Rep. Kevin Cramer and Sen. Heidi Heitkamp held their first debate last Thursday. With the Nov. 6 vote for U.S. Senate a little over two weeks away, the candidates showed how they differ and where they stand on some of the key issues. The following is a recap of some of the main talking points.
Heitkamp used her opening statement to apologize for a newspaper ad that named several women who either did not give the senator permission to use their name or didn’t experience sexual assault at all.
“I not only disappointed many North Dakotans, but also myself,” Heitkamp said. The senator noted that the action was not acceptable and stated her apologies. Heitkamp used most of her first two minutes discussing the misstep. “I want so much to get back to work for the state … but I cannot begin this debate without acknowledging this grave and horrible error.”
Cramer used his first two minutes to thank the audience and urge all who were watching to vote in the upcoming election.
Cramer made the point that Heitkamp and himself were voted in on the same day, which gives North Dakotans the unique ability to judge them side-by-side. “Based on six years, serving the same people, serving on the same Congress, voting on many of the same bills,” Cramer said.
The first question to candidates was whether they would vote to allow insurance companies to limit coverage based on pre-existing conditions.
“I would not, and I have not,” Cramer said. “Obamacare has been an unmitigated disaster for this country and especially North Dakota.” Cramer made the point that young people now can’t afford coverage, thus leaving them out of the risk pool, and ultimately raising the cost of insurance for all.

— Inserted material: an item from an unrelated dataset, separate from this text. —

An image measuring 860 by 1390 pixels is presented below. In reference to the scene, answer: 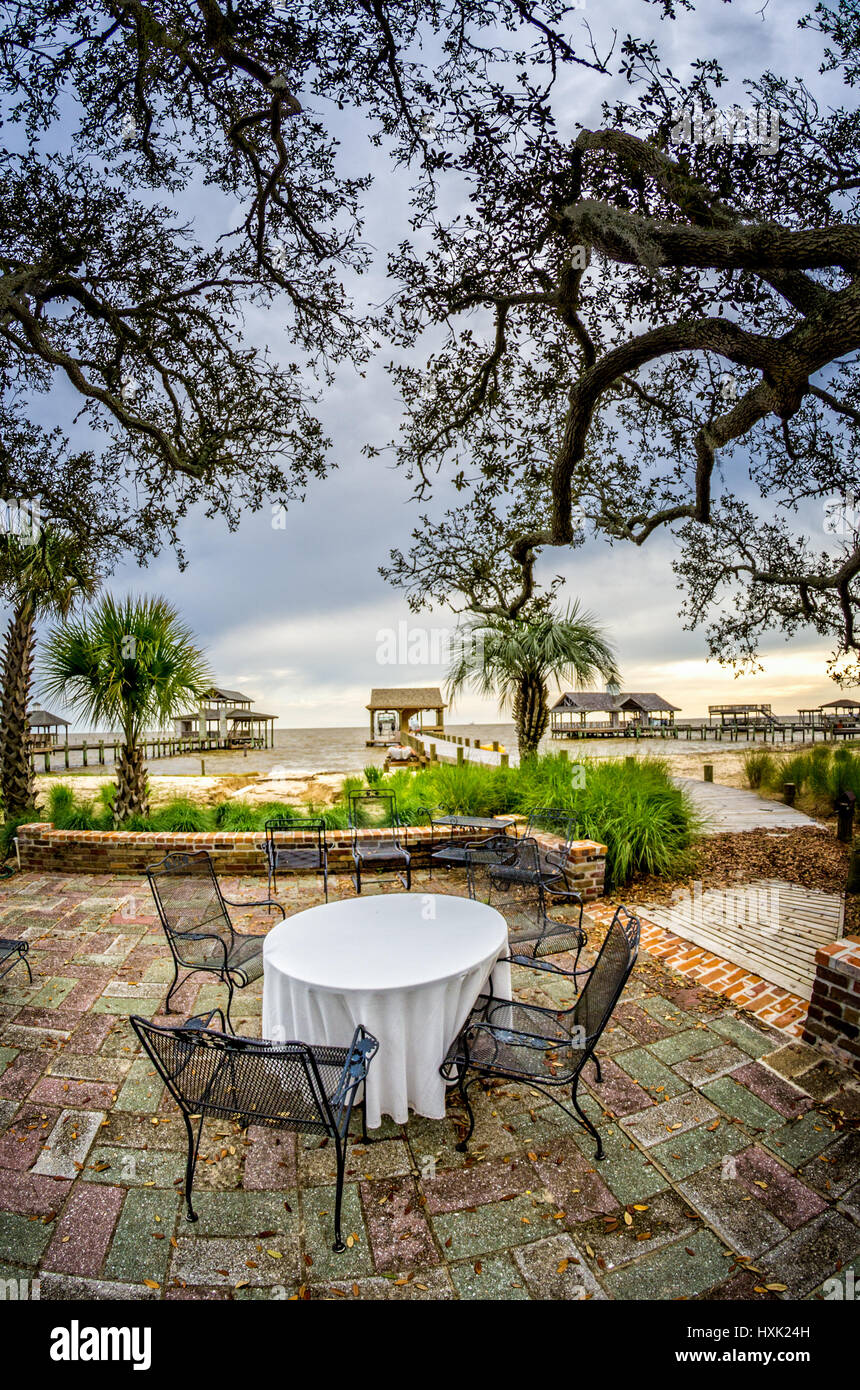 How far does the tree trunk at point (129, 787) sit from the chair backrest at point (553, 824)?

Cramer later said he has pledged to maintain coverage for pre-existing conditions.
Heitkamp again stated her support for coverage of pre-existing conditions, adding she’d like to expand Medicaid. However, her response included an attack of Cramer.
“It is an incorrect statement for Congressmen Cramer to say he has not ever voted for a bill that would eliminate federal protections for pre-existing conditions and all the things you listed,” Heitkamp said. “He voted five times to repeal the Affordable Care Act.”
Cramer responded, saying that the Affordable Care Act was unaffordable for younger couples.
Taking time to read from his phone the Republican bill he voted for, Cramer recited: “Nothing in this act shall be construed as permitting health insurance companies to limit access to health coverage for applicants with pre-existing conditions, unambiguous.”
Trade war and tariffs for North Dakotan farmers
“Fight, fight, fight for our farmers,” Heitkamp said, noting that she knew the tariffs and the trade war would hurt North Dakotans.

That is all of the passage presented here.